Lets take a look back. Web scraping started in a legal grey area where the use of bots to scrape a website was simply a nuisance. Not much could be done about the practice until in 2000 eBay filed a preliminary injunction against Bidder’s Edge. In the injunction eBay claimed that the use of bots on the site, against the will of the company violated Trespass to Chattels law. The court granted the injunction because users had to opt in and agree to the terms of service on the site and that a large number of bots could be disruptive to eBay’s computer systems. The lawsuit was settled out of court so it all never came to a head but the legal precedent was set.
In 2001 however, a travel agency sued a competitor who had “scraped” its prices from its Web site to help the rival set its own prices. The judge ruled that the fact that this scraping was not welcomed by the site’s owner was not sufficient to make it “unauthorized access” for the purpose of federal hacking laws. Two years later the legal standing for eBay v Bidder’s Edge was implicitly overruled in the “Intel v. Hamidi”, a case interpreting California’s common law trespass to chattels. It was the wild west once again.
Over the next several years the courts ruled time and time again that simply putting “do not scrape us” in your website terms of service was not enough to warrant a legally binding agreement. For you to enforce that term, a user must explicitly agree or consent to the terms. This left the field wide open for scrapers to do as they wish.
Fast forward a few years and you start seeing a shift in opinion. In 2009 Facebook won one of the first copyright suits against a web scraper. This laid the groundwork for numerous lawsuits that tie any web scraping with a direct copyright violation and very clear monetary damages. The most recent case being AP v Meltwater where the courts stripped what is referred to as fair use on the internet. Previously, for academic, personal, or information aggregation people could rely on fair use and use web scrapers. The court now gutted the fair use clause that companies had used to defend web scraping. The court determined that even small percentages, sometimes as little as 4.5% of the content, are significant enough to not fall under fair use. The only carveout the court made was based on the simple fact that this data was available for purchase. Had it not been, it is unclear how they would have ruled.

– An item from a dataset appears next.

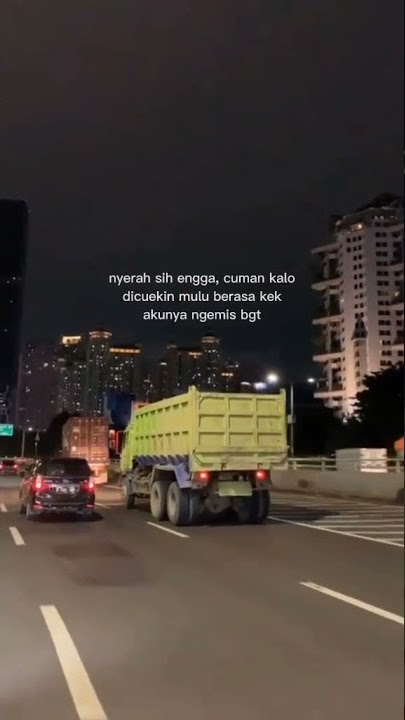 STORY WA NGEMIS CINTA:)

Then a few months back the gauntlet was dropped. Andrew Auernheimer was convicted of hacking based on the act of web scraping. Although the data was unprotected and publically available via AT&T’s website, the fact that he wrote web scrapers to harvest that data in mass amounted to “brute force attack”. He did not have to consent to terms of service to deploy his bots and conduct the web scraping. The data was not available for purchase. It wasn’t behind a login. He did not even financially gain from the aggregation of the data. Most importantly, it was buggy programing by AT&T that exposed this information in the first place. Yet Andrew was at fault. This isn’t just a civil suit anymore. This charge is a felony violation that is on par with hacking or denial of service attacks and carries up to a 15 year sentence for each charge.

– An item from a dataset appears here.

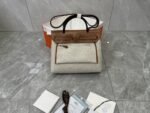 Hermès Herbag Zip 31 Ebene - Image 4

I am in the business of blocking bots. I think there is a legitimate need for some companies to be able to prevent unwanted web scrapers from accessing their site. That said, I don’t know if I can agree with the recent direction of court rulings. The eff and many industry experts agree. Are the existing laws too antiquated to deal with the problem? Should new legislation be introduced to provide more clarity? Most sites don’t have any protections in place, don’t the companies have some burden to prevent web scraping? As the courts try to further decide the legality of scraping, companies are still having their data stolen. Instead of looking to the law to eventually solve this technology problem, it’s time to start solving it with anti-bot and anti-scraping technology today.